Comparative Effects of Manual Lymphatic Drainage and Therapeutic Ultrasound on Breast Engorgement in Postpartum Women: A Feasibility Pilot Study

National Yang Ming Chiao Tung University1 site in 1 country31 target enrollmentJuly 1, 2022

Overview

Phase
N/A
Intervention
Not specified
Conditions
Breast Engorgement
Sponsor
National Yang Ming Chiao Tung University
Enrollment
31
Locations
1
Primary Endpoint
The Breast Enhancement Assessment Scale
Status
Terminated
Last Updated
last year

Overview

Brief Summary

In this article, women were randomly assigned to the manual lymphatic drainage group, therapeutic ultrasound group, and control group, and the breast pain, swelling hardness, and milk excretion before and after each treatment were measured.

Detailed Description

Breast engorgement as the swelling and distention of breast, which is one of the most common problems of postpartum of 3-8 days. At the same time, the congested blood vessels and tissue fluid will enter the surrounding tissues, resulting in the retention of tissue fluid and blood, resulting in interstitial fluid. In cases such as interstitial edema, the flow of milk is restricted. There are many conservative treatments for relieving breast swelling. At present, there have been published studies on the application of ultrasound therapy and manual lymphatic drainage to breast problems during lactation. Previous studies have shown that manual lymphatic drainage and ultrasound therapy can significantly improve the pain, temperature, and firmness of breast engorgement. Manual lymphatic drainage and ultrasound therapy have been widely used in physical therapy, but there is little empirical evidence for manual lymphatic drainage on breast swelling. It is hoped that this empirical medical research method can be used to reduce the effect of breast pain caused by breast problems and improve breast milk.
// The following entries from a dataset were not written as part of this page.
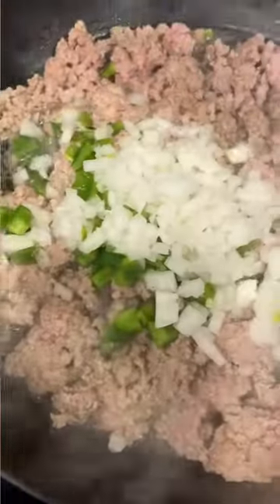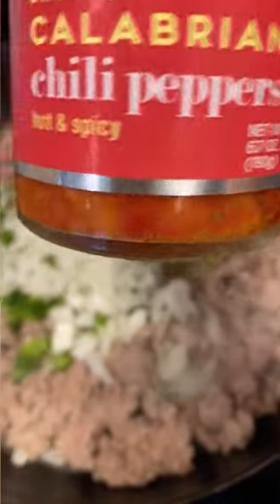I added one small onion, half of a green bell pepper, and three teaspoons of Calabrian chili peppers. You can start with one teaspoon and work your way up until it's spicy enough for you.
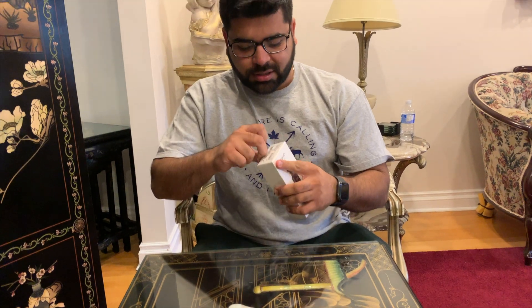This is the DJI Osmo Pocket. Now I am going to do unboxing. Let's see how it is from inside. Let's see what it is.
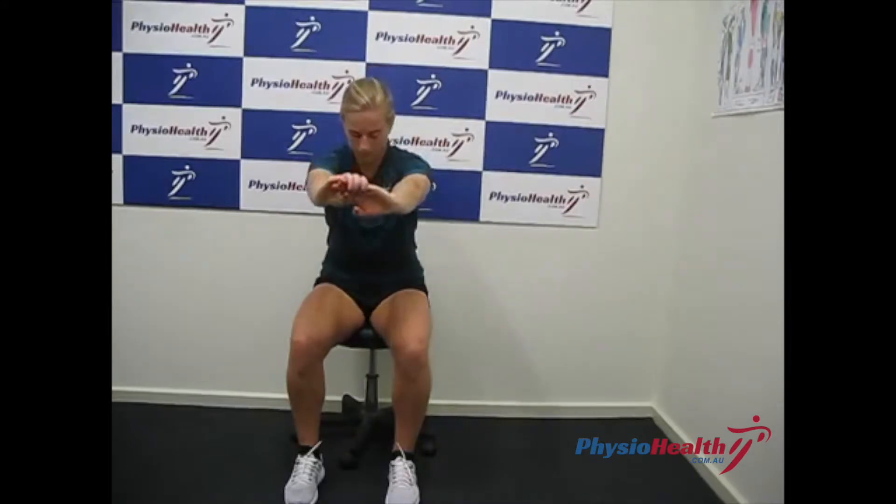Double legs sit to stand. While sitting on a chair with your feet on the floor and toes pointing forward, reach forward with your arms and lean forward as far as you can.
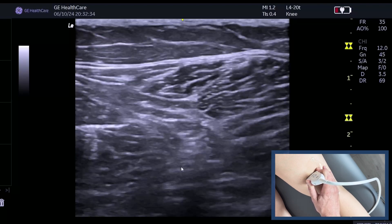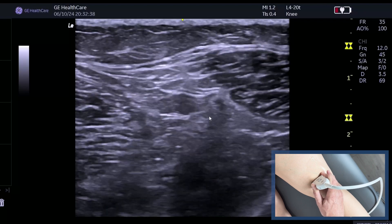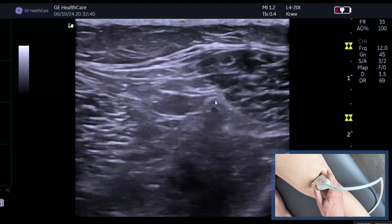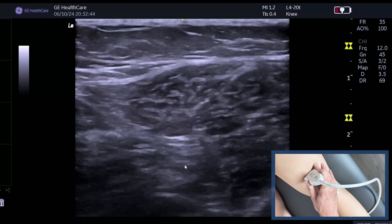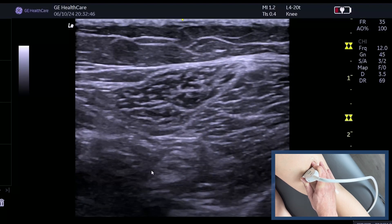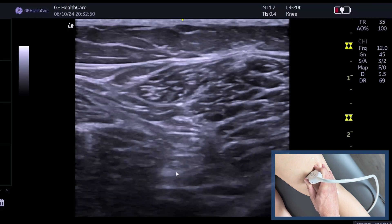So as we come down, we would expect it to split. Now can you see it's split already — that is the common peroneal nerve coming off, so you can see them together. Remember they sit in a fascial plane, and there you can see the sciatic nerve, and as we come off, that's the tibial.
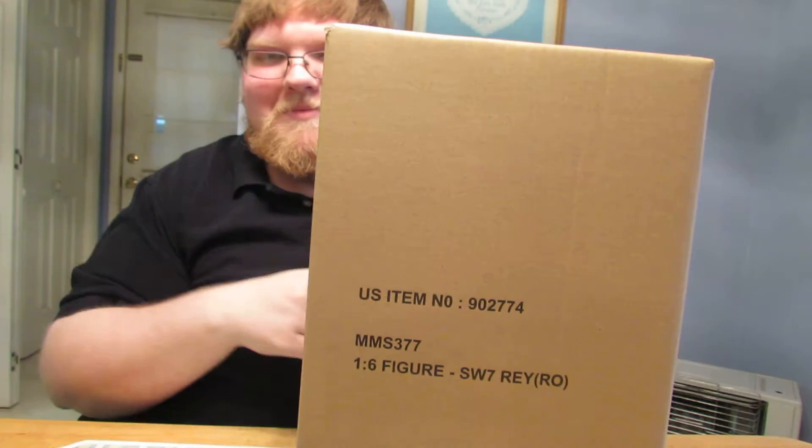Hey everyone, this is the Bearded Zero and this will be the unboxing for the Hot Toys MMS 377 Star Wars Episode 7 Rey Resistance Outfit. Which is weird because the Rey BBS was 337 and this is 377, so it's strange that they have similar numbers.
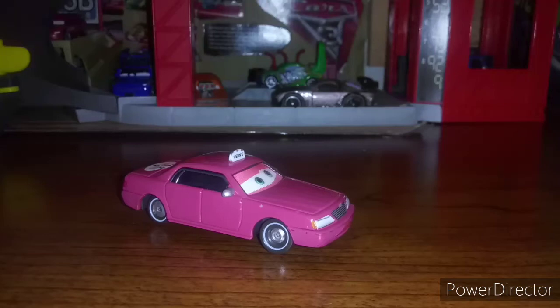Hello everyone and welcome back to the channel. Today's review is going to be on Vern the Taxi — the lenticular Vern the Taxi. So without further ado, let's get into it.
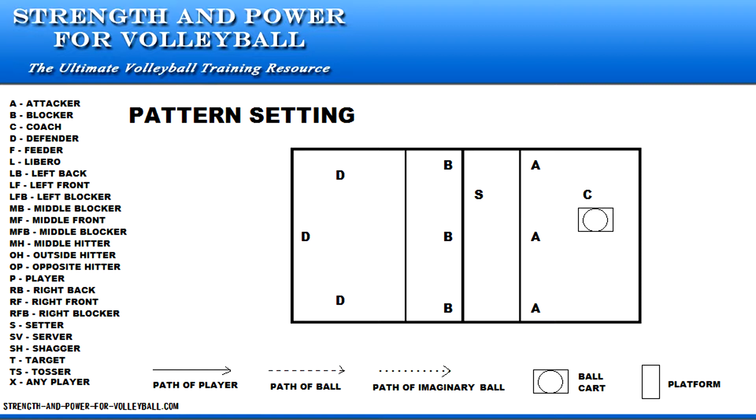Before practice, the coach prepares two cards that contain a list of 10 sets that must be done in order. Start with the coach off the net ready to toss. The hitters are standing off the net ready to approach the hit.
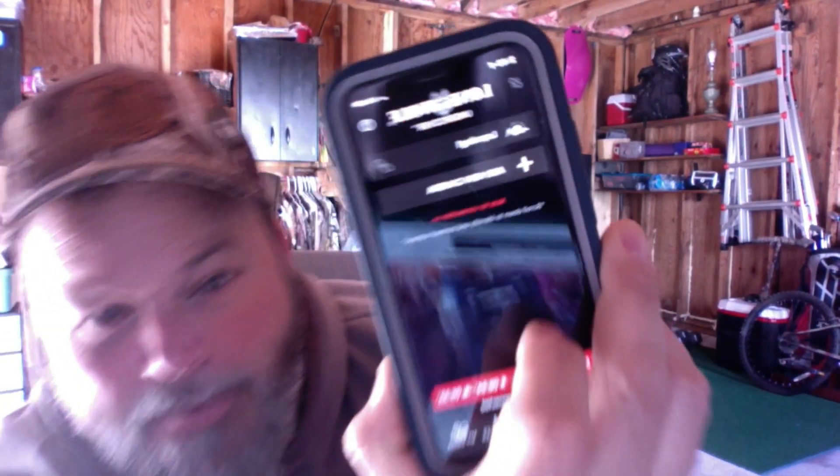Lone Wolf Custom Gear app — this app is really cool because it actually has maps on it and a lot of other features.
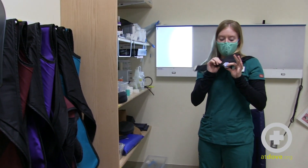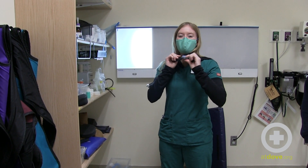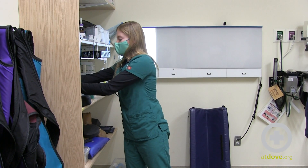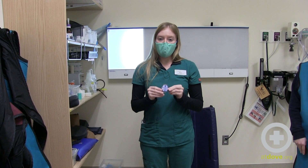Thyroid shields are where you clip your dosimetry badge. As you're taking these off, make sure you're removing your dosimetry badge and storing it wherever your hospital indicates. We store all of our dosimetry badges outside of the radiology suite.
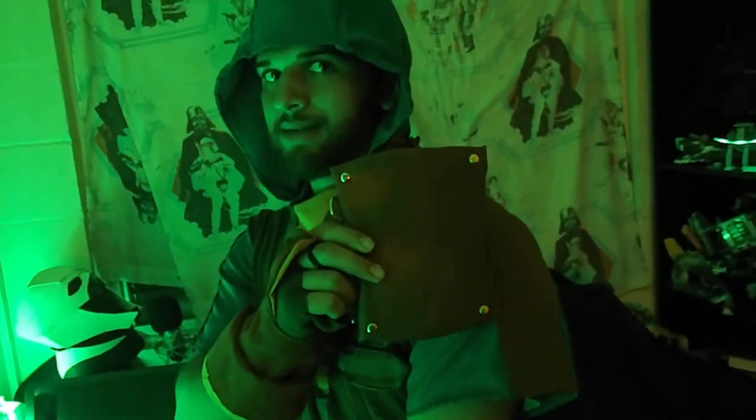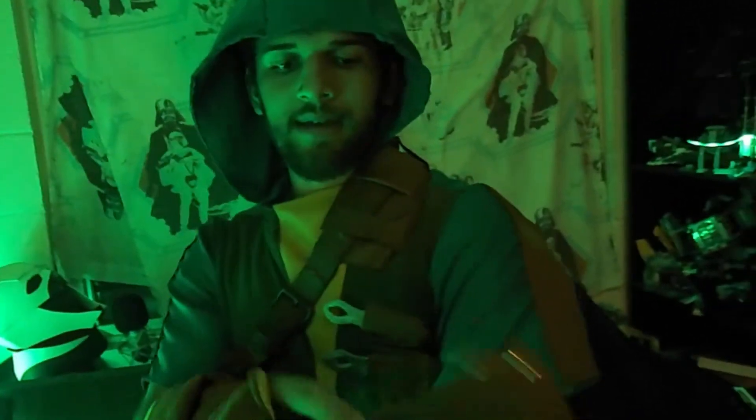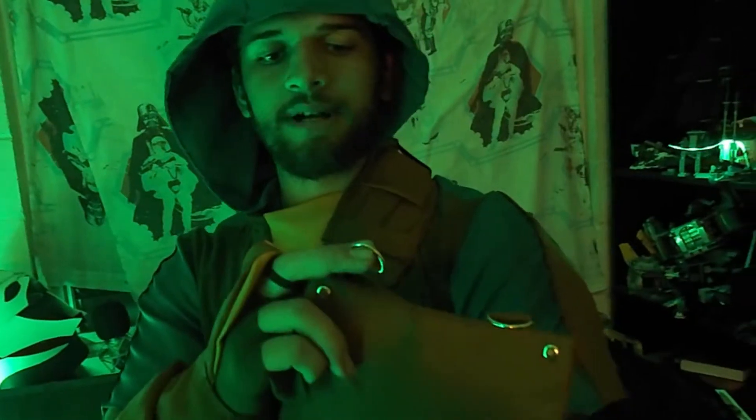One of the details I wasn't able to get — I regret I'm not able to put these pieces on the sides just yet. Probably next time you see this costume, it won't have these pieces. But I was able to put little brass rings on there.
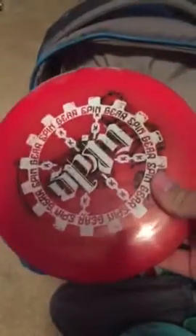This is a Spingear Bleeder Icon Cannon. These discs are great — the feel of them is great. They're pretty overstable. When you beat one in, they can really hold a line and still come back at the end.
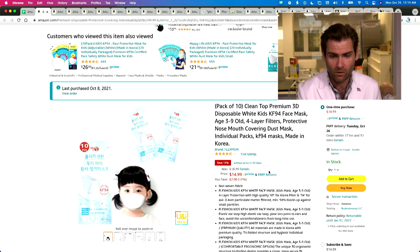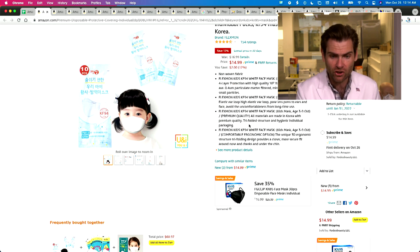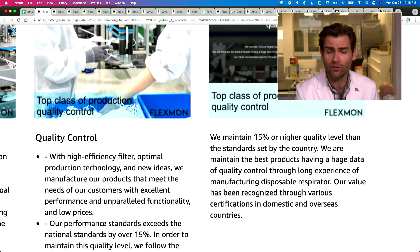I know this is a KF94, so that means it should pass that 94%. This seems to be legitimately made in Korea. I say that because we've had a bunch of fakes on here recently that are made in China. They maintain a 15% or higher quality level than the standards set by the country.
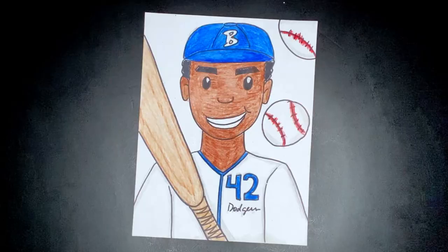And then I wrote Dodgers on the uniform. And there you have it — Jackie Robinson, my friends. I hope you enjoyed this. More videos coming soon.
The purpose of this study was to examine whether manual lymphatic drainage and ultrasound therapy can improve breast pain, breast swelling, and increase the flow and volume of milk removed.

Registry
clinicaltrials.gov
Start Date
July 1, 2022
End Date
July 31, 2024
Last Updated
last year
Study Type
Interventional
Study Design
Parallel
Sex
Female

Investigators

Responsible Party
Sponsor

Eligibility Criteria

Inclusion Criteria

  • Over 20 years old
  • Physiological breast swelling, breast heaviness, lumps, milk plugging, breast pain after childbirth
  • Able to read and understand Chinese
  • At least four points on the Breast Swelling Scale

Exclusion Criteria

  • Autoimmune system problems
  • physical and mental health problems
  • Breast abscesses, mastitis
  • Breast implants
  • Cardiac pacemakers
  • Malignant tumors

Outcomes

Primary Outcomes

The Breast Enhancement Assessment Scale

Time Frame: Change from Baseline The Breast Enhancement Assessment Scale at 3day

There are six grades of breast swelling: grade 1: tender, the breast does not change; grade 2: slight change; grade 3: the breast feels thick without tenderness; grade 4: the breast feels thick and begins to pressure Pain; Grade 5: Thick breasts with obvious tenderness; Grade 6: Very hard and very painful.

The Visual Analogue Scale for Pain;VASP

Time Frame: Change from Baseline The Visual Analogue Scale for Pain;VASP at 3day

Using a ruler, the score is determined by measuring the distance (mm) on the 10-cm line between the "no pain" anchor and the patient's mark, providing a range of scores from 0-10. A higher score indicates greater pain intensity.

The Total Daily Milk Volume

Time Frame: Change from Baseline The Total Daily Milk Volume at 3day

Total Daily Milk Volume was be recorded.

Secondary Outcomes

  • Increase breastfeeding rates(3day)

Study Sites (1)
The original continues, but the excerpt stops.